「すみません」という日本語が示す3つの意味 その基盤は「自責の念」にある
実は、私たちが使う日本語の「すみません」には、複数の意味があるのです。私たちはシチュエーションによって、その複数の意味を自然と使い分けているのです。
このことをきちんと踏まえずに、日本語の感覚で英語を話してしまうと、会話中に「I am sorry.」を連発することになってしまい、西洋人になぜそんなに会話中に謝るのか不思議がられることでしょう。これは、まさに私が渡米したばかりの頃の姿です(笑)。
「すみません」を三つの英語にすると
それでは、私たちは「すみません」という言葉を、どのように使い分けているのか整理してみたいと思います。
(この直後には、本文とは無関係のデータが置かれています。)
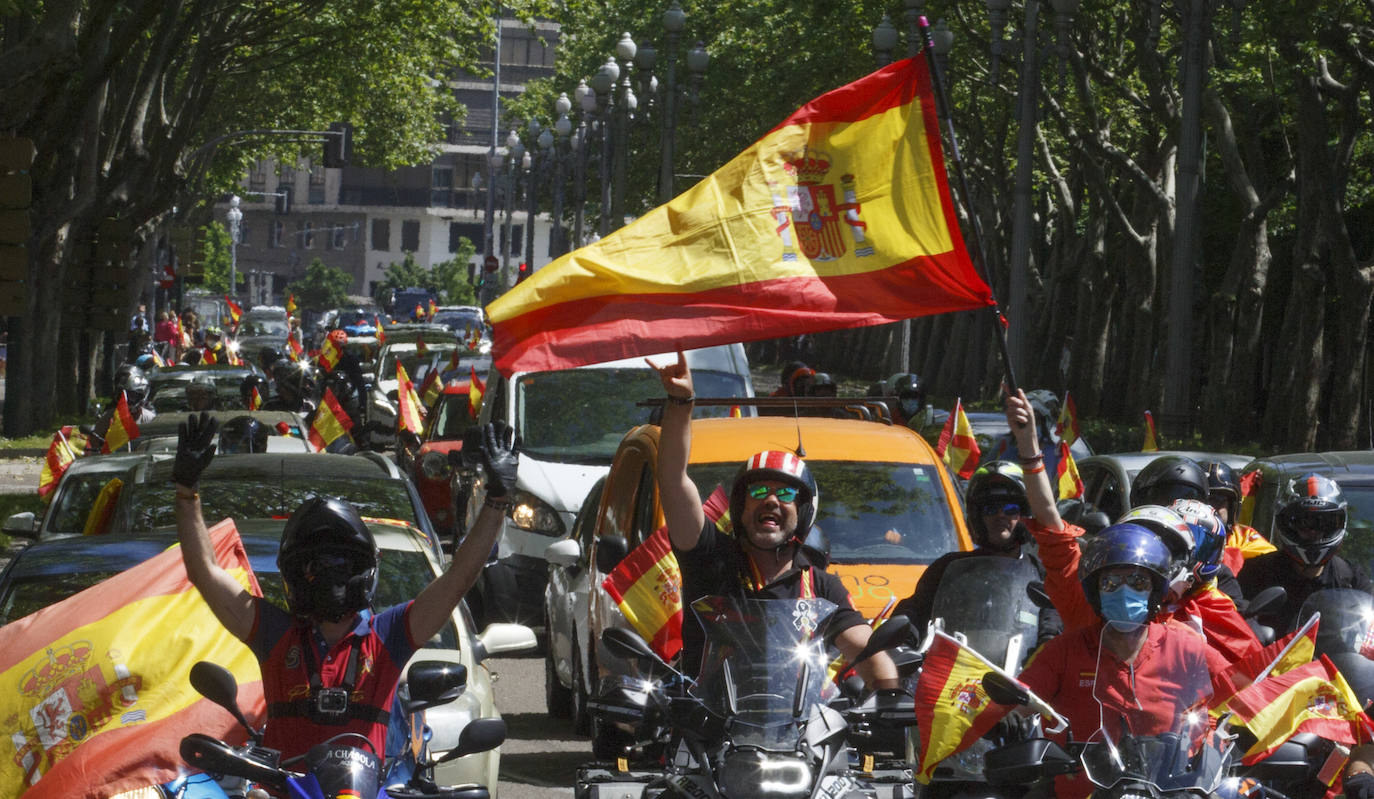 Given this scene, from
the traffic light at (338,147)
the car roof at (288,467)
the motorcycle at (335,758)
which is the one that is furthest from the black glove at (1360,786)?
the traffic light at (338,147)

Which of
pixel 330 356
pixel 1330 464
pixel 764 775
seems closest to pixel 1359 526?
pixel 1330 464

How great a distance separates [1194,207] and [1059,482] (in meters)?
7.18

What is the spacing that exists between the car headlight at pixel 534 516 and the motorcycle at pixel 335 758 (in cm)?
895

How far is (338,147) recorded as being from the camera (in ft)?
138

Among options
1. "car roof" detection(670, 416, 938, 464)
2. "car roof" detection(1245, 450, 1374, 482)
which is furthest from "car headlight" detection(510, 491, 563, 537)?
"car roof" detection(1245, 450, 1374, 482)

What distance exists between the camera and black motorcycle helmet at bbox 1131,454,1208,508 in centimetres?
753

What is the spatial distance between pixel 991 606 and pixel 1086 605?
1460 millimetres

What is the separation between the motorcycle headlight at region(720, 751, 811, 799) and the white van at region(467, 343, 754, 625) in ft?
24.3

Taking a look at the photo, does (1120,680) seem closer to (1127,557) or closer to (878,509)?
(1127,557)

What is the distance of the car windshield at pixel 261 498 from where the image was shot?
10227 millimetres

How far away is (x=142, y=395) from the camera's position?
18.1m

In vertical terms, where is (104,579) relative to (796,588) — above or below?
below

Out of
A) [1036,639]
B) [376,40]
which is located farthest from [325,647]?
[376,40]

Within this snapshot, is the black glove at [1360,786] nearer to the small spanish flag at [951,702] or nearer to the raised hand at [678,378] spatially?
the small spanish flag at [951,702]
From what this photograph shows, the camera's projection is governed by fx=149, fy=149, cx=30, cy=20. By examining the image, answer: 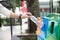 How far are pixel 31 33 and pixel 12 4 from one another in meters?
0.64

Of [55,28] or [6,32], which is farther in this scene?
[6,32]

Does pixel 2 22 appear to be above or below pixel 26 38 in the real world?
above

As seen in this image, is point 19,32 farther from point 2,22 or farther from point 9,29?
point 2,22

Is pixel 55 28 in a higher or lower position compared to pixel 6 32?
higher

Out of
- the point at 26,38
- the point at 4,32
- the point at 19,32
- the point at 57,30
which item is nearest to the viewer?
the point at 57,30

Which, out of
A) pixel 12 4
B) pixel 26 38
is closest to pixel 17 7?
pixel 12 4

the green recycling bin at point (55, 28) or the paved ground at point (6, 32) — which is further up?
the green recycling bin at point (55, 28)

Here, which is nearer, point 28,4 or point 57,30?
point 57,30

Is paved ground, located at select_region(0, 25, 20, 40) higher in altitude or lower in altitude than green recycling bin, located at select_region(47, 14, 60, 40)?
lower

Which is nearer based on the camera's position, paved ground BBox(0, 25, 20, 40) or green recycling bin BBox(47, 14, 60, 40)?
green recycling bin BBox(47, 14, 60, 40)

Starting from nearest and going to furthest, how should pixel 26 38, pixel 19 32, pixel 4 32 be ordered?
1. pixel 26 38
2. pixel 19 32
3. pixel 4 32

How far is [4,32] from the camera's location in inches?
121

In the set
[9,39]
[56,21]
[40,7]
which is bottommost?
[9,39]

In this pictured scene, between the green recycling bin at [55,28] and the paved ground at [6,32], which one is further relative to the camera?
the paved ground at [6,32] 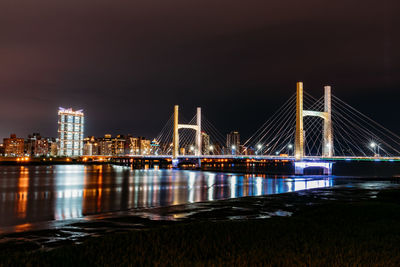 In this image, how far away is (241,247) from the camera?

先に結論を言うと、私たちはシチュエーションに応じて「謝罪」「感謝」「依頼」(呼びかけ)という三種類の意味の「すみません」を使い分けています。この三種類の意味を明確にするために、まず「すみません」という言葉の語源を考えてみたいと思います。
「すみません」という言葉を解体すると、「すみ」「ませ」「ん」という三つに分解できます。「すみ」は、動詞「済む」の連用形、「ませ」は丁寧語の助動詞「ます」の未然形、「ん」はこれらを打ち消す助動詞「ぬ」の変化形の語です。
「済む」には「物事が完了する」「仕事が終了する」という意味があります。しかし、「済む」の同源に「澄む」というものがあり、これは「心配や邪念がなく、心がすっきりする」という意味を持つようです。この二つの意味を合わせると、「すみません」は、仕事を終了させることができなかったり、約束事を守れなかったとき、申し訳なくて「自分の気持ちがおさまらない」という「謝罪」の意味になります。これが三種類のうちの第一の意味です。これは英語で「I am sorry.」と表現しても問題ないように思います。
そして、第二の意味は、「感謝」の意味です。これは、相手から何かを頂いたときや、何かをしていただいたとき、その有り難さに対して申し訳ないことに何もお返しができず、「自分の気持ちがおさまらない」という深い「感謝」の意味になります。これを英語にすると、「Thank you.」となります。
さらに第三の「依頼」(呼びかけ)の意味は、「謝罪」と「感謝」の意味も幾分か含んでいます。よく考えてみると、私たちが相手に何かを依頼するとき、それは相手に何かしらの負担をかけることになるのです。私たちはそれを無意識にも認識し、そこから申し訳ないという「謝罪」と「感謝」の思いが心に生じ、「すみません」という言葉を使うのです。
また、前を歩いている人を呼び止めるときでも、深く考えてみると、その人の行為を中断させ、こちらに振り向かせるという負担をかけていることになります。
ですから、「(邪魔して)すみません」と言って声をかけるのです。これは「Excuse me.」という英語で表現できるでしょう。